• [WHAT YOU SHOULD DO] Once you find the line with "Vélo pour enfant" in the listing below, please repeat it and every later line exactly, through the last one, without pictures.

• [INFORMATION PROVIDED]

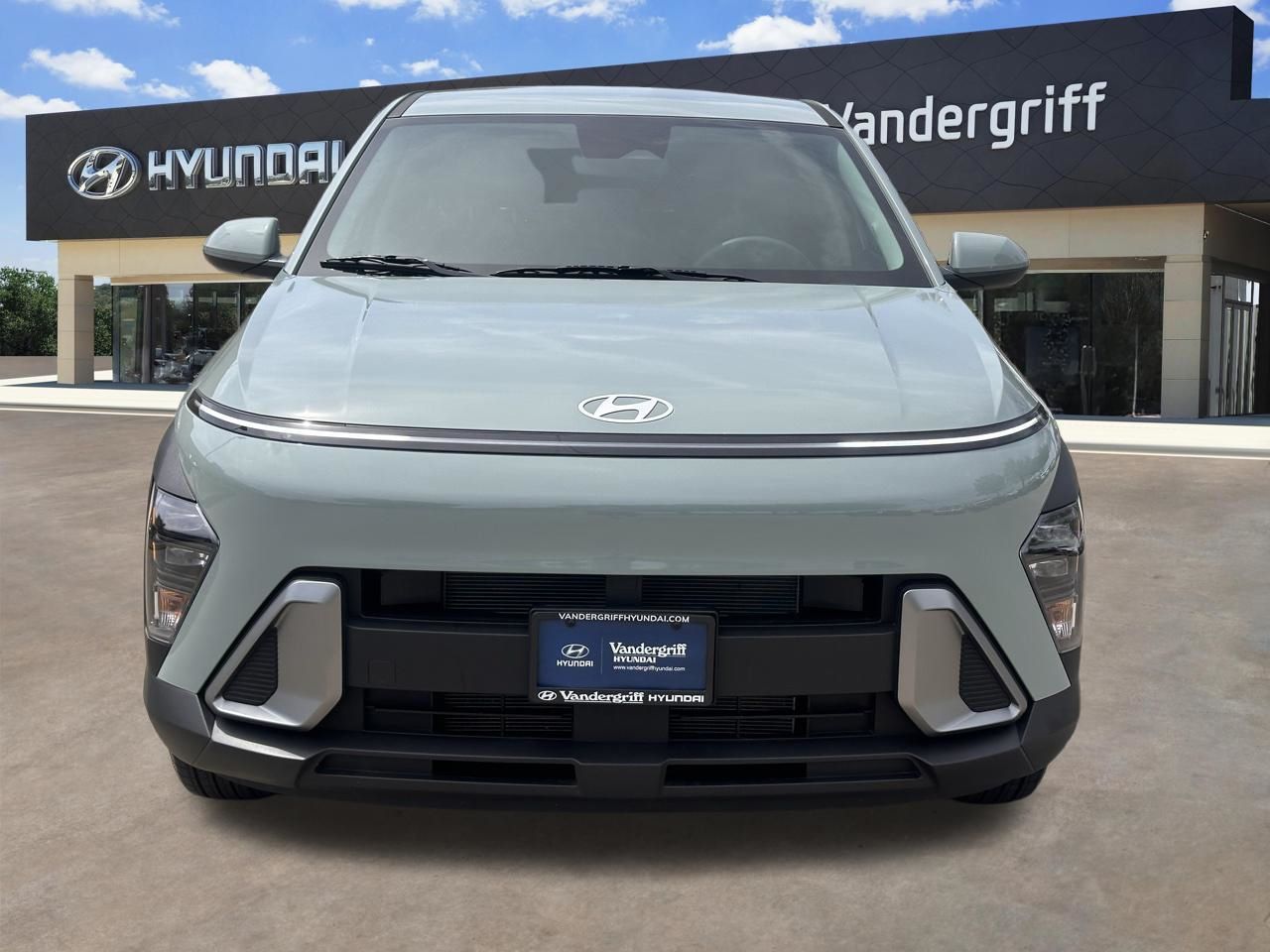 Certified Used 2026 Mirage Green Hyundai SE image 3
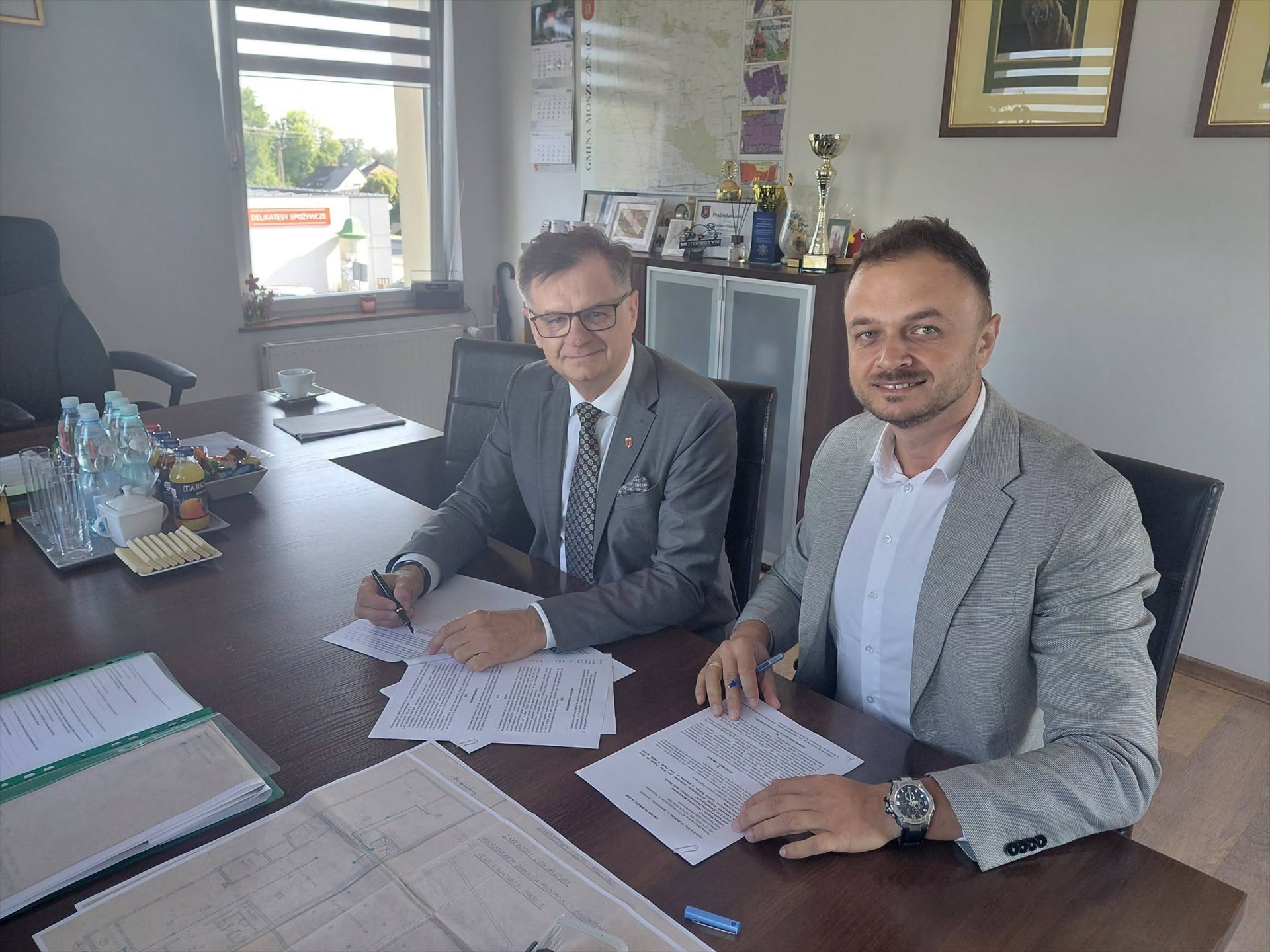 Gmina Moszczenica inwestuje w kulturę i edukację ekologiczną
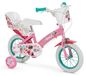 Vélo pour enfant Minnie Mouse, 12 pouces, multicolore, à partir de 3 ans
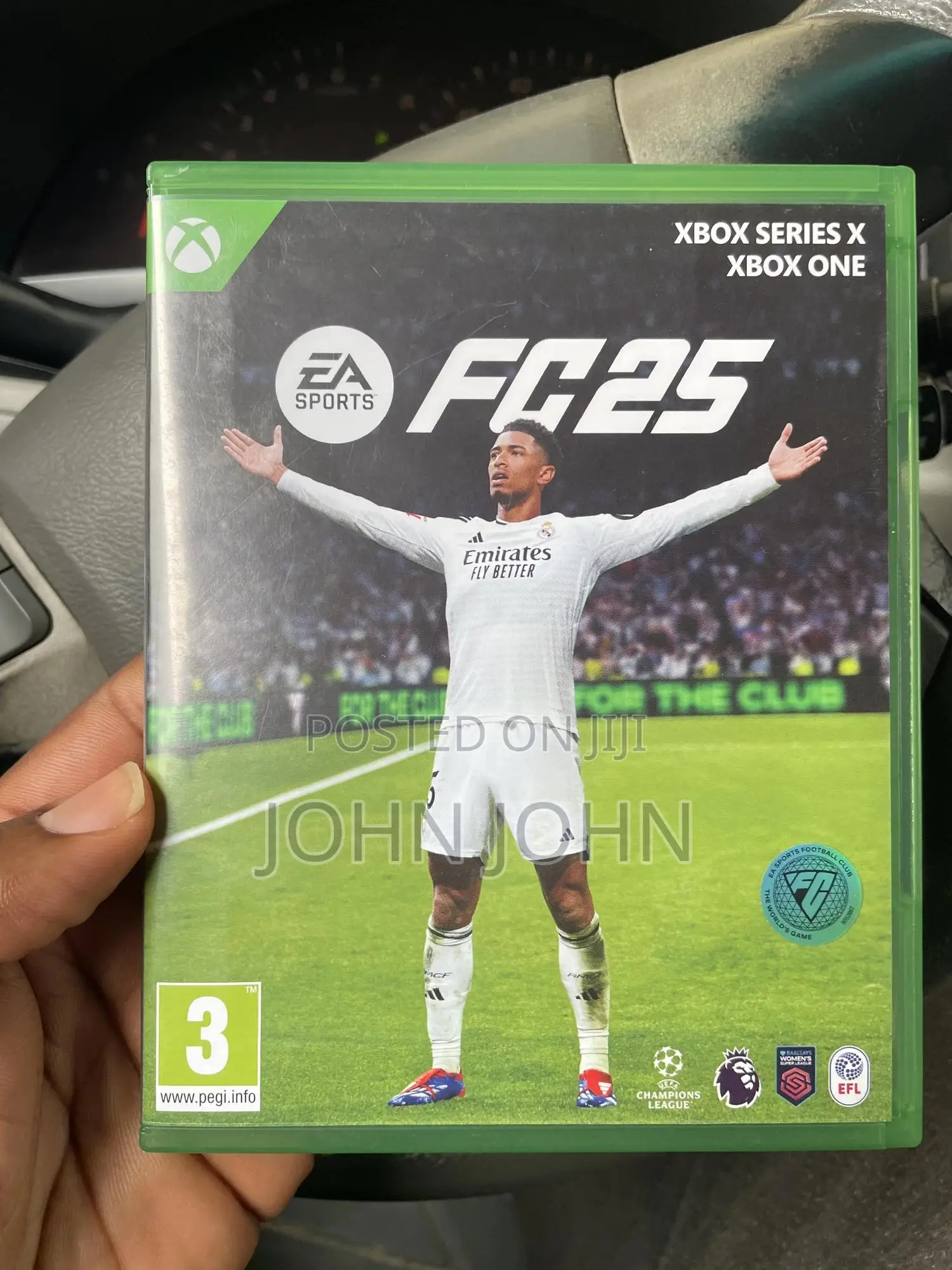 Fc25 for Xbox Series X or S - Clean Used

• [REPLY TO THE TASK]
 Vélo pour enfant Minnie Mouse, 12 pouces, multicolore, à partir de 3 ans
 Fc25 for Xbox Series X or S - Clean Used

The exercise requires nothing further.